Scan the listing beneath this sentence. Report each line with the word "sapphire".

*THE DATA:*
━━━━

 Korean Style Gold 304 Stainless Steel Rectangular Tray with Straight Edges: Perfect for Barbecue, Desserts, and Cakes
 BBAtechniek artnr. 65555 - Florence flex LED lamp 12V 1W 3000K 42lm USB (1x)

━━━━

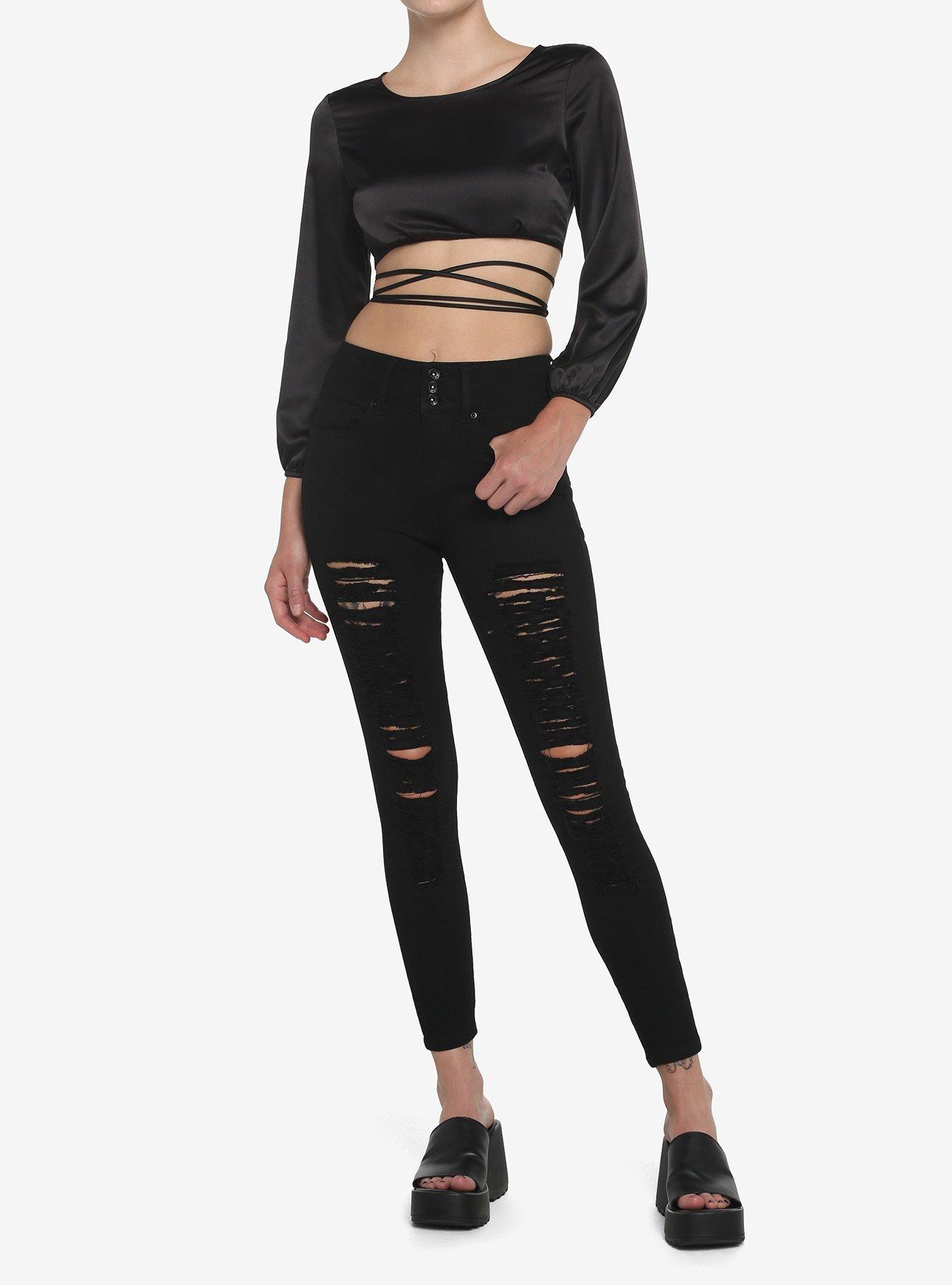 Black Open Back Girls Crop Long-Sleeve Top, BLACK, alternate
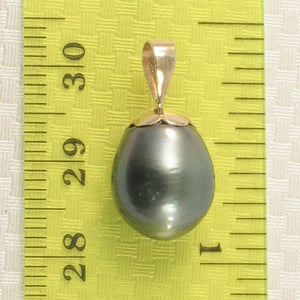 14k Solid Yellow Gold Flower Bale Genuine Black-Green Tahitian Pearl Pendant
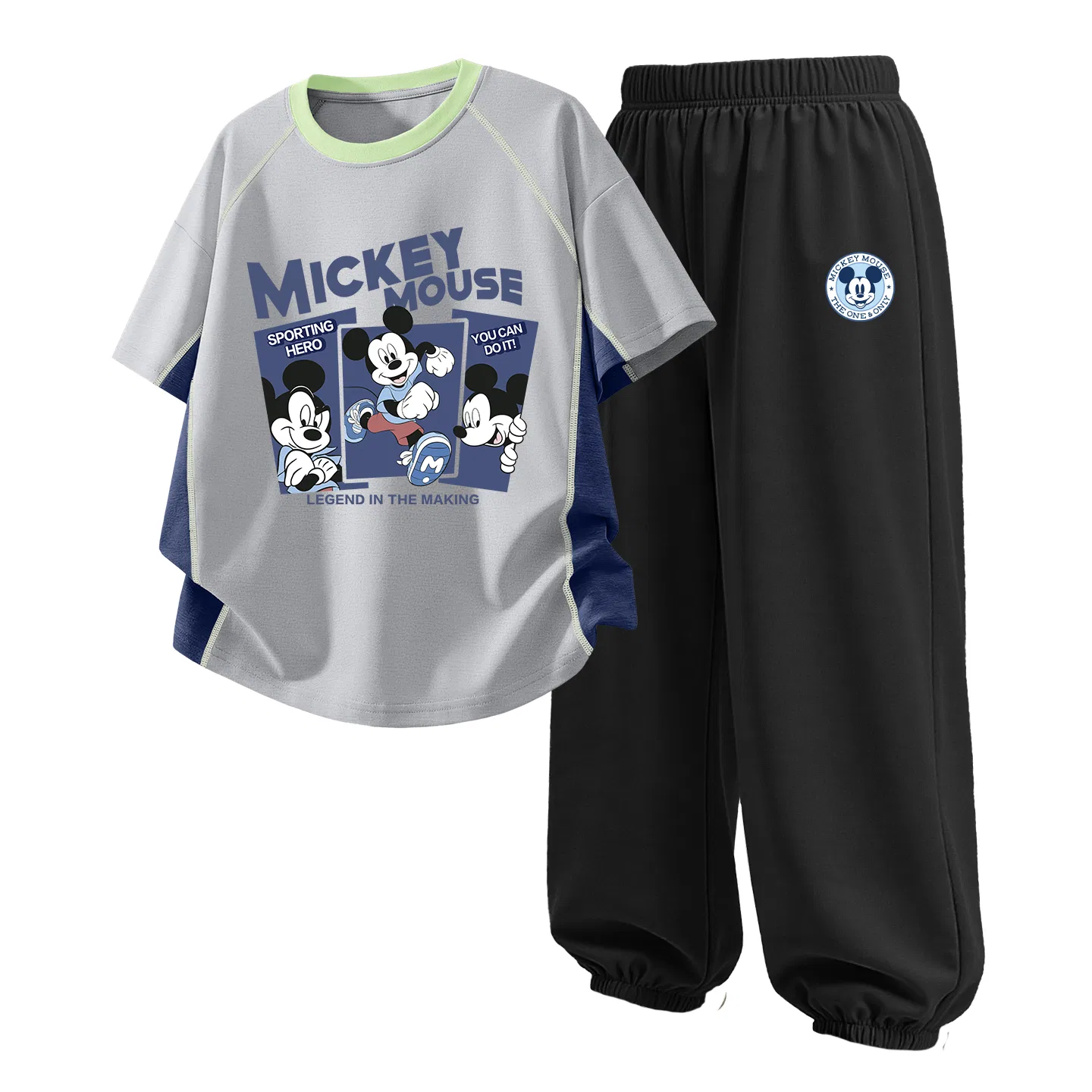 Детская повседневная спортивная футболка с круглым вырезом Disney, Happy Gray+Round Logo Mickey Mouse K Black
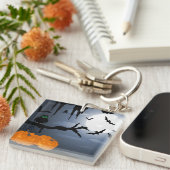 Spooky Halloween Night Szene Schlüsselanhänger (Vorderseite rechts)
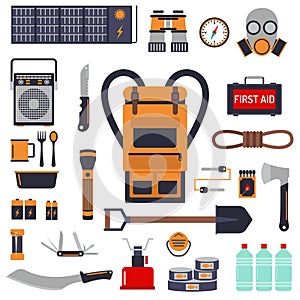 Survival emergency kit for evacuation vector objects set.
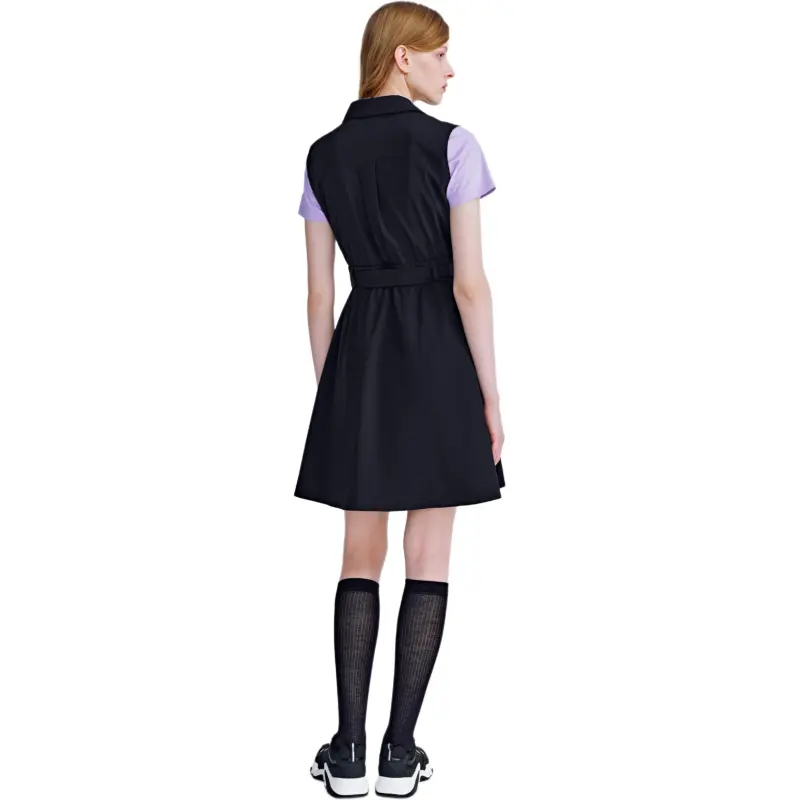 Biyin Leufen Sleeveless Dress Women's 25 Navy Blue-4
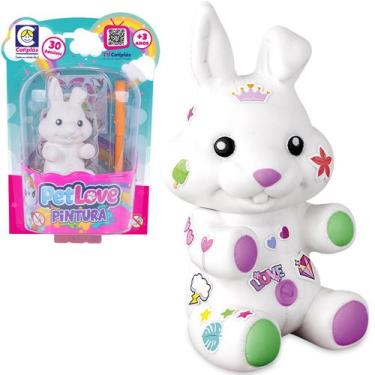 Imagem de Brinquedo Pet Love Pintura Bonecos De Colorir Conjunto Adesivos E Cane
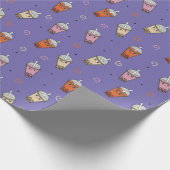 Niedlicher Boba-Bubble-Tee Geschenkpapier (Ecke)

━━━━

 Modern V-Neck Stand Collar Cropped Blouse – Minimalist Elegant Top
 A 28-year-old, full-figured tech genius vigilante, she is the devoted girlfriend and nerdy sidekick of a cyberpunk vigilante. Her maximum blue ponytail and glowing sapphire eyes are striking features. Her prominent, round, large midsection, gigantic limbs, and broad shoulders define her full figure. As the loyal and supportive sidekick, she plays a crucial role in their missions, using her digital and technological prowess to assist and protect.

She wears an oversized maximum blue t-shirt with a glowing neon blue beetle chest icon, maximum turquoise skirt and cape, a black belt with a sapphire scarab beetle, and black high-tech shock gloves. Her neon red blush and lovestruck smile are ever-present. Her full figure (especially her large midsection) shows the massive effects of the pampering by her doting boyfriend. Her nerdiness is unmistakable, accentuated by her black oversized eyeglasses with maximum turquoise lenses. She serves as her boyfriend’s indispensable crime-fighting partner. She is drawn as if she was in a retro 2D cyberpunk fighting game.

━━━━

*WRITTEN ANSWER:*
 A 28-year-old, full-figured tech genius vigilante, she is the devoted girlfriend and nerdy sidekick of a cyberpunk vigilante. Her maximum blue ponytail and glowing sapphire eyes are striking features. Her prominent, round, large midsection, gigantic limbs, and broad shoulders define her full figure. As the loyal and supportive sidekick, she plays a crucial role in their missions, using her digital and technological prowess to assist and protect.
She wears an oversized maximum blue t-shirt with a glowing neon blue beetle chest icon, maximum turquoise skirt and cape, a black belt with a sapphire scarab beetle, and black high-tech shock gloves. Her neon red blush and lovestruck smile are ever-present. Her full figure (especially her large midsection) shows the massive effects of the pampering by her doting boyfriend. Her nerdiness is unmistakable, accentuated by her black oversized eyeglasses with maximum turquoise lenses. She serves as her boyfriend’s indispensable crime-fighting partner. She is drawn as if she was in a retro 2D cyberpunk fighting game.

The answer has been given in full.